On the reserves side, I've seen some release of SNCOs who've been around a long damn time, but haven't done much in the last five or six years. The new generation of younger NCOs with recent operational tours flooding both the mess and the more senior positions in the regiment has been a bit of a disruption to the social order that the reserves have always had going. I get the sense that in some isntances these guys just don't enjoy it anymore because they ossified in their position ten years back...


----------



## Haggis (7 Dec 2012)

Brihard said:
			
		

> On the reserves side, I've seen some release of SNCOs who've been around a long damn time, but haven't done much in the last five or six years. The new generation of younger NCOs with recent operational tours flooding both the mess and the more senior positions in the regiment has been a bit of a disruption to the social order that the reserves have always had going. I get the sense that in some isntances these guys just don't enjoy it anymore because they ossified in their position ten years back...



That's an unintended consequence of our participation in any protracted major mission, with both a positive and negative side.  The positive side is that a lot of old practises get vailidated or cast aside as a result of "user-testing" in combat.  What emerges is a stronger, more capable and competent force.

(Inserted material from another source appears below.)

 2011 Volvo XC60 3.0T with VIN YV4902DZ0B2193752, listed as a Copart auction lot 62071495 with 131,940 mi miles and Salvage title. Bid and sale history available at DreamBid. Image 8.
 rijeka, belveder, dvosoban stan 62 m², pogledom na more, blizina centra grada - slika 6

The negative side is that if you weren't one of the BTDT generation in the most recent conflict, your opinion and experiences didn't count for much any longer.  It happened after WWII, Korea and the UNPROFOR days in the Balkans.  It's happening now with Afghanistan and it will happen *to* the Afghanistan vets after the next big conflict wraps up and they aren't part of the BTDT guys..


----------



## Colin Parkinson (7 Dec 2012)

12 years from now the young guys will be moaning about the old guys still claiming to have sand in their boots.


----------



## brihard (7 Dec 2012)

Haggis said:
			
		

> That's an unitnended consequence of tour participation in nay protracted major mission, with both a positive and negative side.  The positve side is that a lot of old practises get vailidated or cast aside as a result of "user-testing" in combat.  What emerges, is a stronger, more capable and competent force.
> 
> The negative side is that if you weren't one of the BTDT generation in the most recent conflict, your opinion and experiences didn't count for much any longer.  It happened after WWII, Korea and the UNPROFOR days in the Balkans.  It's happening now with Afghanistan and it will happen *to* the Afghanistan vets after the next big conflict wraps up and they aren't part of the BTDT guys..

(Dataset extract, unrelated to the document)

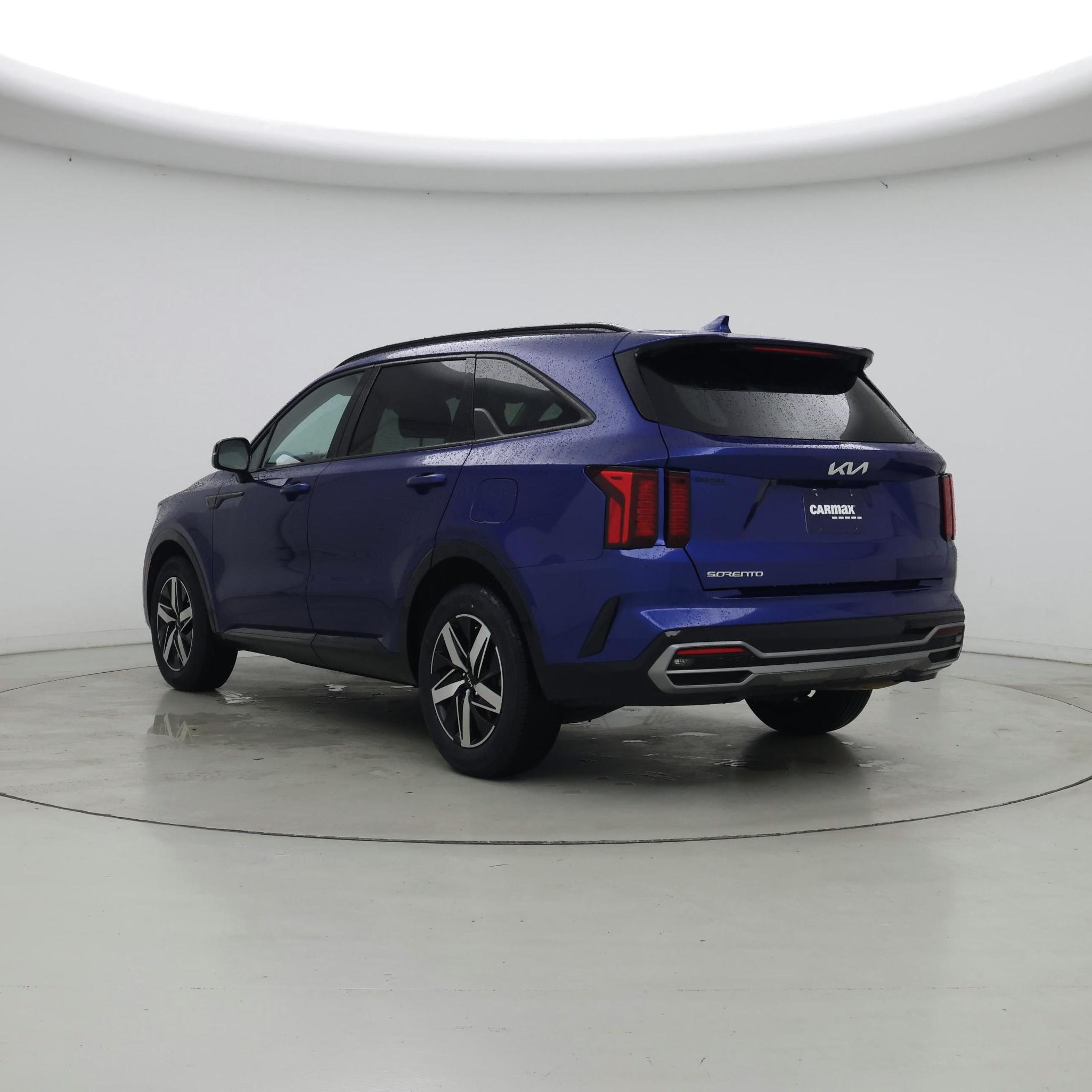 Thumbnail: 2023 Kia Sorento - 2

Yup. Please know that I'm not trying to make value judgments here or anything- just calling it how I've seen it in a few instances. Afghanistan set the highest tide seen in a while. Of course it'll be surpassed at some point in the indeterminate future. In the interim we will continue to see unexpected second and third order effects.


----------



## BrendenDias (7 Dec 2012)

Hmm, perhaps this could create more opportunities for new recruits and enlisters.. unless the budged gets slashed next spring i guess. :-\


----------



## kratz (7 Dec 2012)

B.Dias said:
			
		

> Hmm, perhaps this could create more opportunities for new recruits and enlisters.. unless the budged gets slashed next spring i guess. :-\



Why does this 17 year old's post remind me of our old RCN mess toasts?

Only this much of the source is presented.